Pertimbangan kepentingan nasional serta aspek-aspek teknis kemampuan mengembangkan sebuah blok, komitmen investasi, kemampuan teknologi, pengalaman dan risiko, tentu semua itu menjadi pertimbangan utama. Bukan aspek sentimen atau sentimen nasionalisme sempit yang kian menjadi alat bagi sebagian pengamat atau politikus untuk mendapatkan simpati publik jelang Pemilu 2014. Pertimbangan aspek kepentingan nasional ini juga dibutuhkan dalam memutuskan apakah hak operatorship Blok Siak, Blok Mahakam dan blok-blok migas lainnya yang kontrak operatorship berakhir dalam 5 tahun ke depan.
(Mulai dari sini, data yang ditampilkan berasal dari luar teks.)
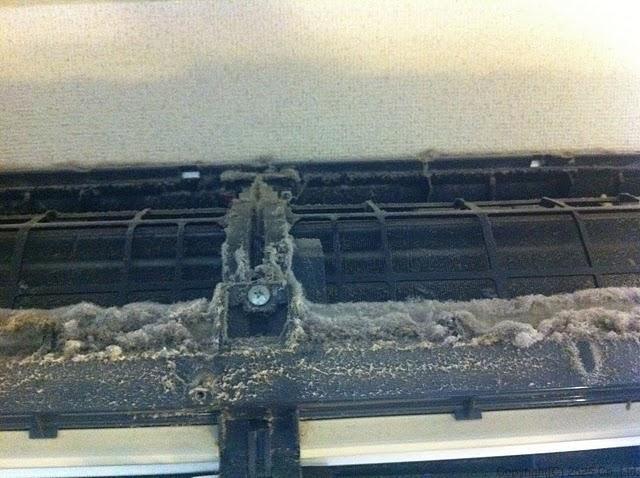 お掃除ユニットの上に溜まったホコリ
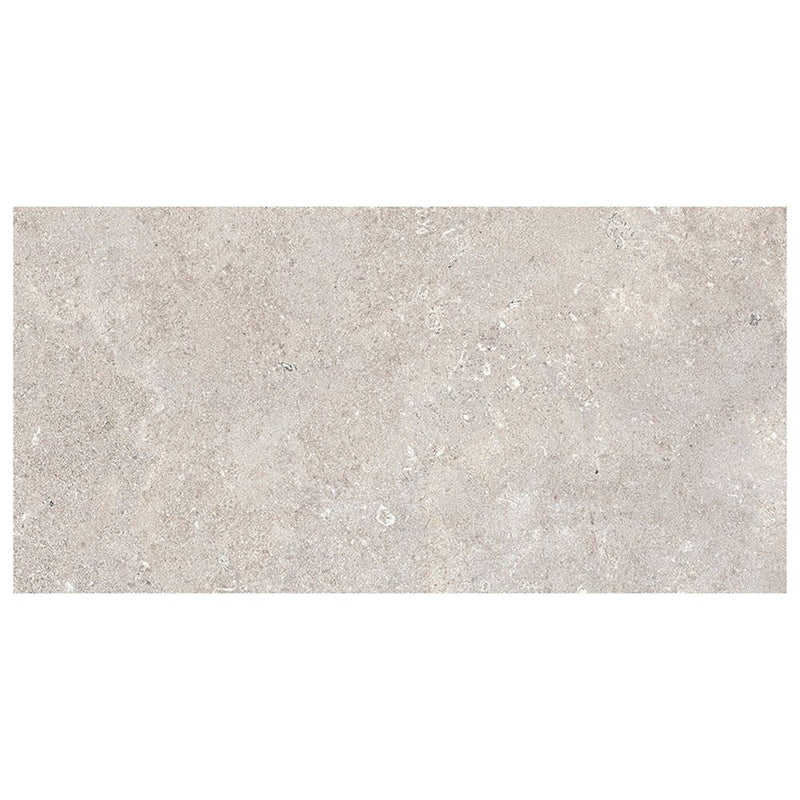 Caliza 12x24 Gris Tile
Karena itu, pernyataan Wamen Susilo Siswoutomo terkait kontrak Blok Mahakam pasca 2017 minggu lalu, harus dilihat dalam konteks kepentingan nasional. Konteks yang terbaik untuk kepentingan negara.
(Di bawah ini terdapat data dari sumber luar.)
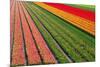 Tulip Field In Orang, Red And Green-Cora Niele-Mounted Photographic Print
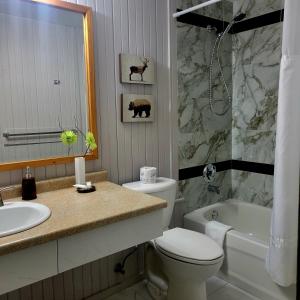 a bathroom with a sink and a toilet and a bath tub at High Falls Motel & Cabins in Wawa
Susilo Siswoutomo mengatakan kehadiran Total E&P Indonesie di Blok Mahakam masih akan dibutuhkan. Namun, ia tidak menjelaskan secara rinci apakah Total E&P akan tetap menjadi operator, atau menjadi operator untuk periode tertentu saja, kemudian dilanjutkan oleh Pertamina, atau skema-skema lain.
"Total akan tetap dilibatkan karena masalah ini tidak bisa hanya sekedar dijalani dengan seperti biasa," ujar Susilo kepada wartawan.
Pengelolaan Blok Mahakam tidak cukup hanya mengandalkan uang, teknologi dan pengalaman. "Uang dan teknologi serta pengalaman tidaklah cukup untuk mengelola Blok Mahakam, karena diperlukan faktor keempat yaitu pengambilan risiko," ujarnya.
"Jadi semua itu kita evaluasi, yang jelas ESDM tidak berkepentingan untuk merugikan negara, tidak ada rencana permainan di zaman yang serba semua disadap, kalau misalkan ada tuduhan buat ini lah itu lah ya janganlah," kata Susilo.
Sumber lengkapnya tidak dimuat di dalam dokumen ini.